Plaintiff's Employment Evaluations

In 1993 and each of the following years, Plaintiff received an employee evaluation. Some of these evaluations were favorable, particularly during the early years. For example, between 1993 and 1998, the evaluations gave Plaintiff either an above average (Def. Ex. 17) or average (Def. Ex. 19) rating, or showed that he usually met or exceeded the expectations for his various job responsibilities (Def. Exs. 20, 21, 23, 25). While the metrics and terminology in the evaluations changed over the years, Plaintiff continued to receive generally favorable evaluations throughout his third tenure at SGHS.

See Def. Exs. 30 (March 1999, "Competent"), 31 (May 1999, "Commendable"), 33 (December 1999, "Commendable"), 35 (December 2000, "Competent"), 38 (December 2001, "Commendable"). From 2003 to 2011, Plaintiff received overall "quality" performance ratings. See Def. Exs. 40, 42, 46, 48, 50, 53, 55, 61, 64.
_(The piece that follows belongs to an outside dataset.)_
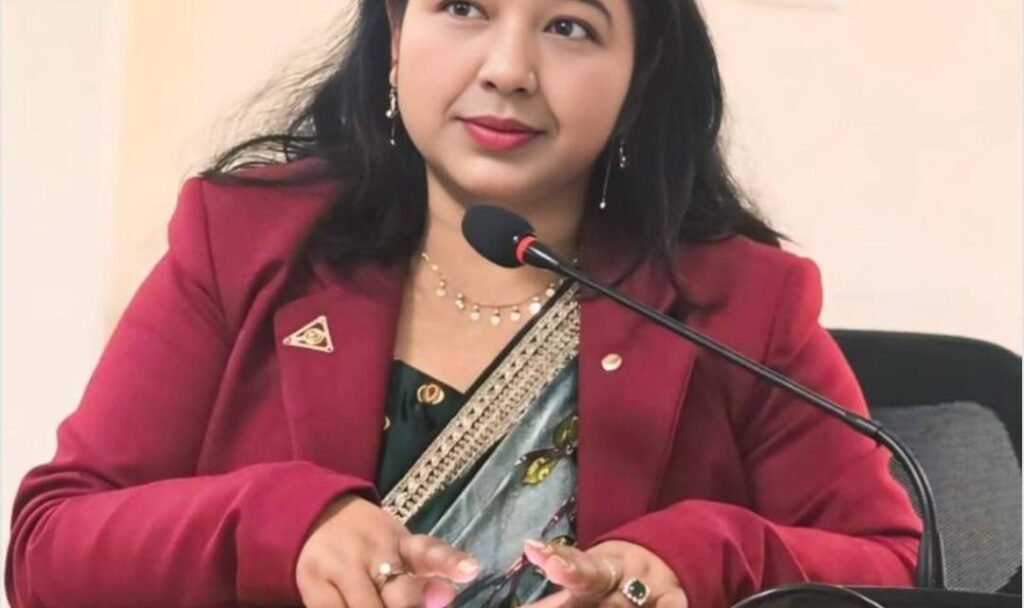 हरिद्वार: ड्रग इंस्पेक्टर अनीता भारती पर भ्रष्टाचार के गंभीर आरोप? नकली दवा रैकेट का मामला, जन स्वास्थ्य को खतरा – गहन जांच की मांग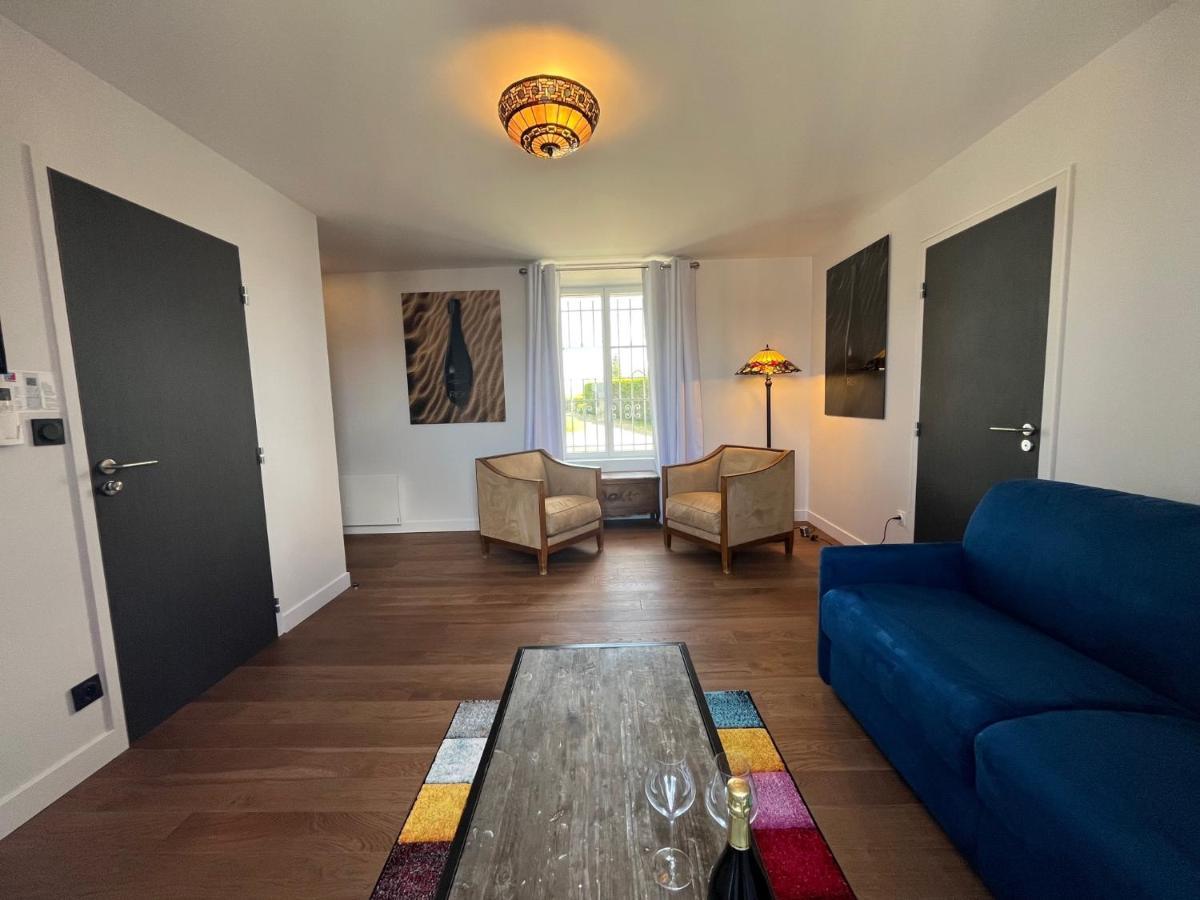 Domaine Pierre Monnaie Villa Verzy ภายนอก รูปภาพ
These evaluations also noted areas in which Plaintiff could improve, and included comments such as "Is frequently late" (Def. Ex. 17), "Needs to correct his tardiness and refrain from anything around the patients that is not associated with their well-being" (Def. Ex. 21), "Too many tardies!" (Def. Ex. 23), and "Work on punctuality" (Def. Ex. 48). Some of the later evaluations began to note that Plaintiff did not always work well with others, particularly in that he "doesn't always treat others fairly. He tends to be moody, and argumentative with others in the department" (Def. Ex. 53); that he is "argumentative and attitudinal" (Def. Ex. 55); that he needs improvement in the area of "Interacts with team members to help promote good working relationships" (Def. Ex. 56); and that Plaintiff "still marches to the beat of his own drum" and is "occasionally direct on important issues and that can be construed as not being courteous" (Def. Ex. 51).

Another Employee's Offensive Comments

The record shows that one of Plaintiff's coworkers, Fran Trahan ("Trahan"), at one point made offensive comments to Plaintiff. She referred to Plaintiff, and other transporters, as "you people" and told them to "kiss her rear end" and "get the hell out of here." Pl. Dep., 293:21-23, 294:12, 296:25-297:12. Plaintiff admits that Trahan was eventually disciplined for her comments. Pl. Dep., 296:7-10. Trahan was counseled in August 2010 for her abusive comments, and was later issued a written warning in December, 2010. Thomas Decl., ¶ 12. Under the written warning, Trahan was placed on a 90-day Performance Improvement Plan, which Trahan completed. Id. Stanford "Tripp" Stephens ("Stephens"), who became Trahan's manager in 2012, is not aware of any complaints regarding Trahan since he became manager. Dkt. No. 36 ("Stephens Dep."), 7:12-9:4, 21:9-17.

Plaintiff objects to any evidence of Trahan's disciplinary record as irrelevant. Pl.'s 56.1 Statement, ¶ 63. Trahan's disciplinary record is relevant insofar as Plaintiff relies on her statements to support his hostile work environment claim.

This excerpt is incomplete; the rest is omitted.